Hell, I was still crying when the girls got back to recovery.
+++++
And I was home five days later, still on a bland liquid diet, still as confused as I had been about Rhea and Deborah, but something vast, vast and limitless as an ocean had happened to me in the hours after that procedure. I was in effect 'born again' – not in a religious sense but in my desire to experience life as I never had before. I wanted to live, to love, to see everything I possibly could and experience all the nitty-gritty aspects of reality I'd spend a lifetime avoiding. Sure, I know it sounds trite – and perhaps it was – but I was suddenly, and for the first time in my life, quite in love with the idea of being alive.
You can take waking up tomorrow morning for granted just so long.
+++++
Sam's was another story, however. He was always alive – in the truest sense of the word, out there everyday pushing the envelope of his existence to the very limits of his imagination. About a week after I got out of the misery ward he wanted to come over, telling me he needed to talk about life and love and, of course, motorcycles for a while. He seemed a little too excited, and I felt 'something was up'.
He'd given up his Porsche during the divorce and had settled in with a worthy substitute, a '69 Aston Martin DBS, deep metallic blue-gray with slate leather. I shuddered to think of the upkeep, but admired his willingness to embark on any path that led him towards wretched excess, and this latest car was certainly a testament to that willingness. Surely, I thought, he'd had to hire a full-time mechanic just to keep the the thing running, but I had to admit the car attracted all kinds of attention.
We sat out on the little flagstone patio in my backyard, deep in late afternoon shade, and he toyed with a beer while I looked at the goop I was supposed to be drinking.
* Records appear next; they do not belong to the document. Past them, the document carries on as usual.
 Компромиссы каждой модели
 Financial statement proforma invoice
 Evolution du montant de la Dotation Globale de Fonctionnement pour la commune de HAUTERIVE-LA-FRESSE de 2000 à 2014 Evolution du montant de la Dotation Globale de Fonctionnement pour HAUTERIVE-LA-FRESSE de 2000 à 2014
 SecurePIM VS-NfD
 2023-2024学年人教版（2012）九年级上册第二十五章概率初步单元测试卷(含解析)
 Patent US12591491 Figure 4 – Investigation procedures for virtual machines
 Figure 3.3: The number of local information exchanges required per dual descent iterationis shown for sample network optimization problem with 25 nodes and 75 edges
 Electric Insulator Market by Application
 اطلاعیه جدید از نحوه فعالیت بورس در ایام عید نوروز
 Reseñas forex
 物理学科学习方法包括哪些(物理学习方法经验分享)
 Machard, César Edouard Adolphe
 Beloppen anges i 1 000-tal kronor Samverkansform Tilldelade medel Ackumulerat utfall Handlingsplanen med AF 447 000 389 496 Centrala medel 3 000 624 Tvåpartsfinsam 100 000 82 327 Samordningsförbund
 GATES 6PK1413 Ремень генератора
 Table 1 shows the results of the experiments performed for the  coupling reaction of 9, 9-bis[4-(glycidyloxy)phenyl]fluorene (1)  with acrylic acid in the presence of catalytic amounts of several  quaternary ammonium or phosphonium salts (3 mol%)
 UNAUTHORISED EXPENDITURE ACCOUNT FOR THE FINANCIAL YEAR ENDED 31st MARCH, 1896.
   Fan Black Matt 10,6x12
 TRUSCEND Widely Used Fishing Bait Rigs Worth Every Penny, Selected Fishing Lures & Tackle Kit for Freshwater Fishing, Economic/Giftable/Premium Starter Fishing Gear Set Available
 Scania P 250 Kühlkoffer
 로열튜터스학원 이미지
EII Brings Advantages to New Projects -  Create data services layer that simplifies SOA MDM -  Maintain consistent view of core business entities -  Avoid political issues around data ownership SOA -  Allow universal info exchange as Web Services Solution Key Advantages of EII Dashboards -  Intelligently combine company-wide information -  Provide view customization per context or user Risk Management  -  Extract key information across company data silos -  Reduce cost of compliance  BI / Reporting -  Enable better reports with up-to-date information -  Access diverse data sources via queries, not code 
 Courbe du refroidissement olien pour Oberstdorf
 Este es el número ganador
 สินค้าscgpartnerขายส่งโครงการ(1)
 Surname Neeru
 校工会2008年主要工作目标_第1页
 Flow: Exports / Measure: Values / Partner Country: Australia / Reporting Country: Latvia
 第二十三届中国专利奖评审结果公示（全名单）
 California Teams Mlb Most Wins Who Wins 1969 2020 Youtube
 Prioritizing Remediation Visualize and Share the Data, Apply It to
I'd have killed for a glass of orange juice, but that wasn't on the approved list just yet.
"What do you want to do about the motorcycles?" Sam asked, getting right to the point as he finished his first beer.
"What do you mean, what do I want to do?"
"Are you done with the trip?"
"Not unless the doctors tell me I can't travel anymore."
He smiled. "You mean it? You want to carry on?"
"Fuck yeah," I said, grinning.
"Well, that's a load off," he said, smiling his old smile, the same smile I'd first admired as a freshman in college.